Kapitel 10
K apitel neun
„Es sind viel mehr Leute hier, als ich dachte“, flüsterte ich ins Handy. Ich nahm einen nervösen Schluck von meinem Rotwein.
„Macht Sinn, es ist eine kleine Stadt. Ich wette, alle Einheimischen gehen dorthin.“ Lucy klang fröhlich. Ich konnte das Rauschen des Fernsehers im Hintergrund hören. „Hast du dich entschieden, welches Gedicht du heute Abend vortragen willst?“
„Nein.“ Ich seufzte. „Ich bin geschockt darüber, dass ich mich angemeldet habe, um ehrlich zu sein. Du weißt, wie ich es finde, an neuen Orten aufzutreten.“
„Es wird großartig sein. Hey, warte mal kurz. Jolene, nein! Jolene, leg es hin, Jolene!“, schrie sie. Ich machte ein Gesicht und fragte mich, was mein Hund jetzt vorhatte. „Hey, das tut mir leid.“
„Was ist passiert?“
„Jolene hat sich ein Stück von meiner Pizza geschnappt und ist weggelaufen.“ Sie machte ein tadelndes Geräusch. „Dieser Hund ist wirklich unmöglich.“
„Es tut mir leid, Lucy.“
„Es ist nicht deine Schuld“, antwortete sie, aber ich wusste, dass sie dachte, es wäre meine Schuld. Sie war der Meinung, dass ich Jolene als Welpe nicht gut erzogen hatte, aber ich hatte mein Bestes versucht. „Und, wie läuft's mit Bossman?“
„Bossman ist immer noch scheiße.“ Ich senkte meine Stimme. „Aber heute ist etwas Interessantes passiert.“
„Was?“
„Er hat mich geküsst.“
„Er hat was ?“, kreischte Lucy. „Wie konntest du das Gespräch nicht mit dieser Information beginnen?“
„Nun, ich wollte nicht, dass es wie eine große Sache klingt.“ Ich nahm einen weiteren Schluck Wein. „Ich meine, es war ja nicht so, als ob es ein totaler Reinfall gewesen wäre.“
„Was?“ Lucy klang verwirrt.
„Ein richtiger Pash.“
„Was zum Teufel ist ein Pash, Savannah?“
„Erinnerst du dich an die australische Serie, in der sie Knutschen Pashing nannten?“
„Nein, tue ich nicht, und hör auf, das Thema zu wechseln. Dein Boss hat dich geküsst, und was hast du gemacht?“
„Ich habe ihn zurückgeküsst.“ Ich hielt inne und kicherte dann leicht. „Okay, ich meine, vielleicht übertreibe ich ein bisschen. Seine Lippen haben sich fünf Sekunden lang auf meine gedrückt, und ich habe ihn nicht weggestoßen.“
„Das war's?“ Lucy klang verärgert. „Mädchen, das ist kein Kuss.“
„Na ja, es war schon etwas “, schoss ich zurück, verlegen darüber, dass ich wahrscheinlich aus nichts etwas gemacht hatte.

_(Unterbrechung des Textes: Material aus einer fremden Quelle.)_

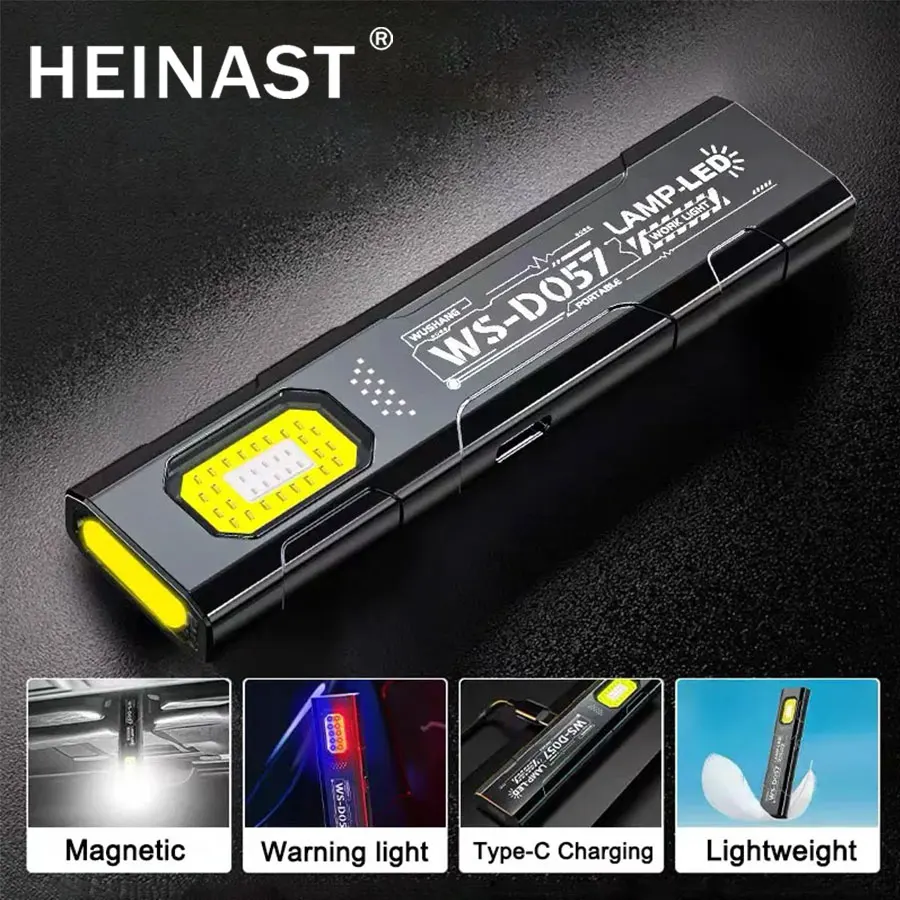 Portable LED Flashlight USB Rechargeable EDC Flashlight With COB Mini Torch Light Outdoor Pocket Lantern Work Light With Magnet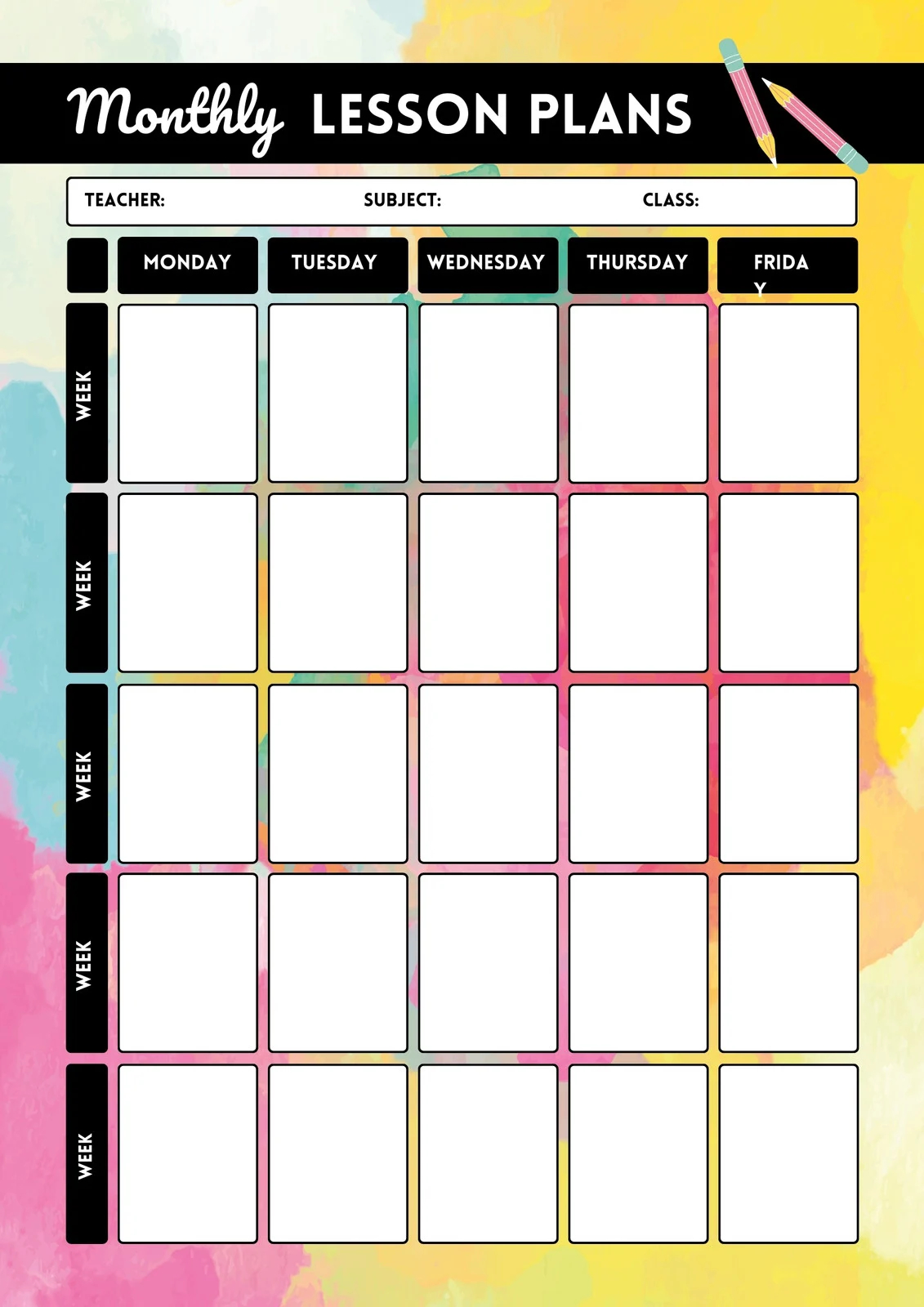 Blank Printable Lesson Plan Calendar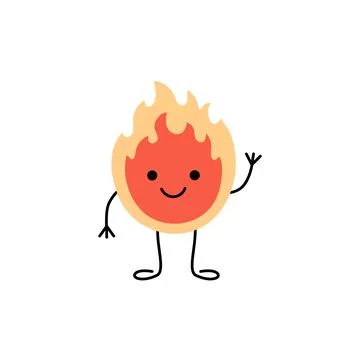 Fire, hot flame with face, cute emoji character. Energy, burn. Happy fire gre Stock Illustration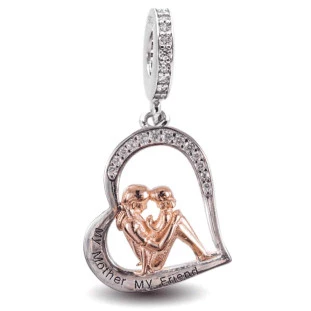 Berloque Charm Pingente Minha Mãe, Minha Amiga em Prata 925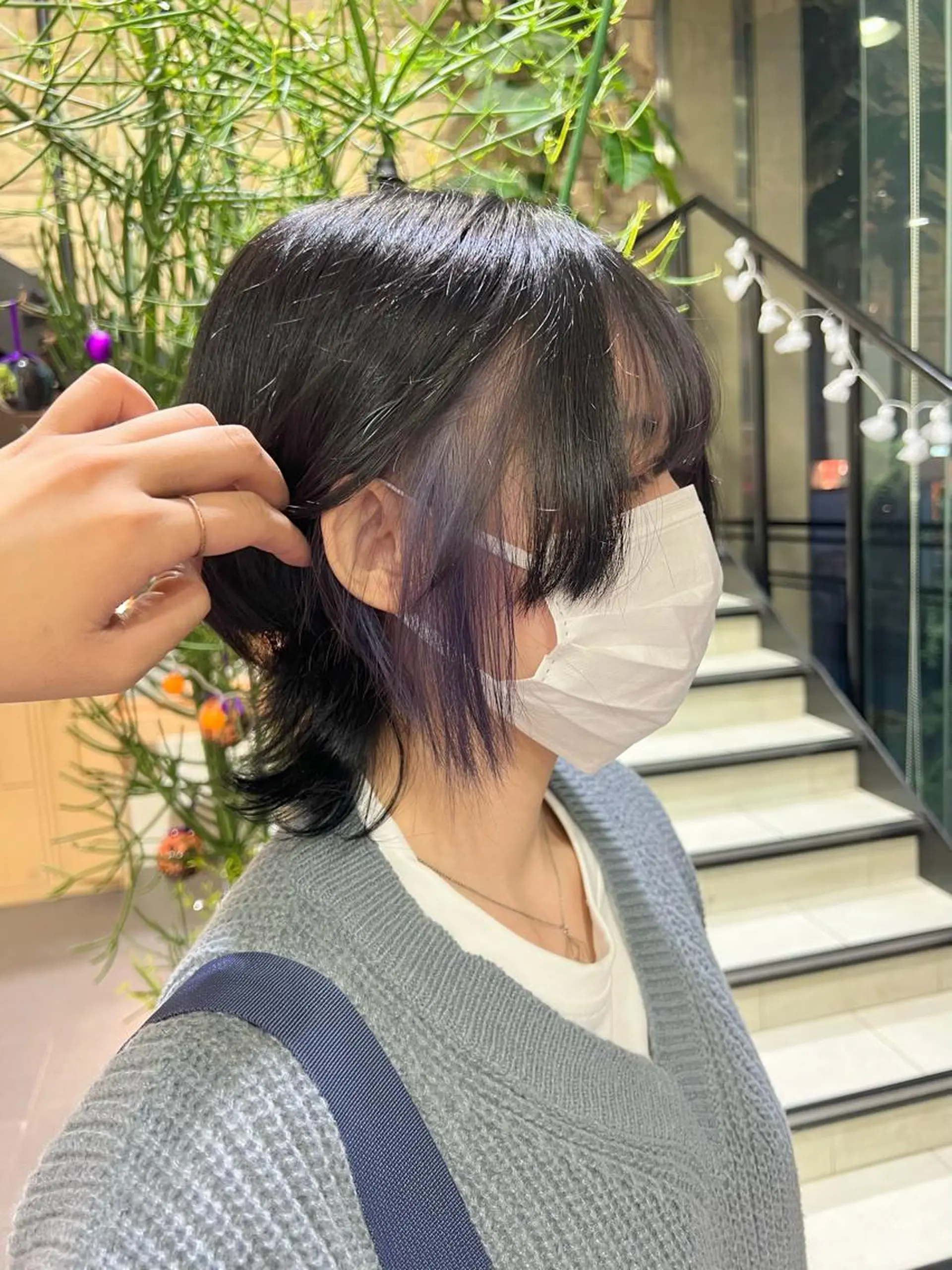 ショート カラー ヘアアレンジ 黒髪 ブルーカラー ブルーラベンダー ラベンダーカラー チャンモリパーマ/韓 国/Minami🦋のヘアスタイル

„Rede mit mir, wenn er dich unter dem Küchentisch leckt oder du ihm in einem Restaurant einen BJ gibst.“ Lucy kicherte. „Das ist die Art von Session, von der ich hören will.“
„Er wird mich nicht in der Küche lecken.“
„Mädchen, ist er es dann überhaupt wert?“
„Ich habe nie gesagt, dass er es ist.“
„Weißt du, was unser Problem ist, Savannah?“ Lucy klang ganz sachlich, und ich setzte mich auf.
„Nein, was?“
„Wir sind zu unerfahren und unreif. Wie sollen wir echte Männer finden und echte, leidenschaftliche Beziehungen führen, wenn wir uns immer noch wie Kinder benehmen?“
„Wer verhält sich wie ein Kind?“
„Mädchen, dein Boss hat dich kaum geküsst und du hast so getan, als hättet ihr eine Art nicht jugendfreies Video gedreht.“
„Ich habe mich nie so verhalten, als hätten wir ein nicht jugendfreies Video gedreht!“, schnaubte ich.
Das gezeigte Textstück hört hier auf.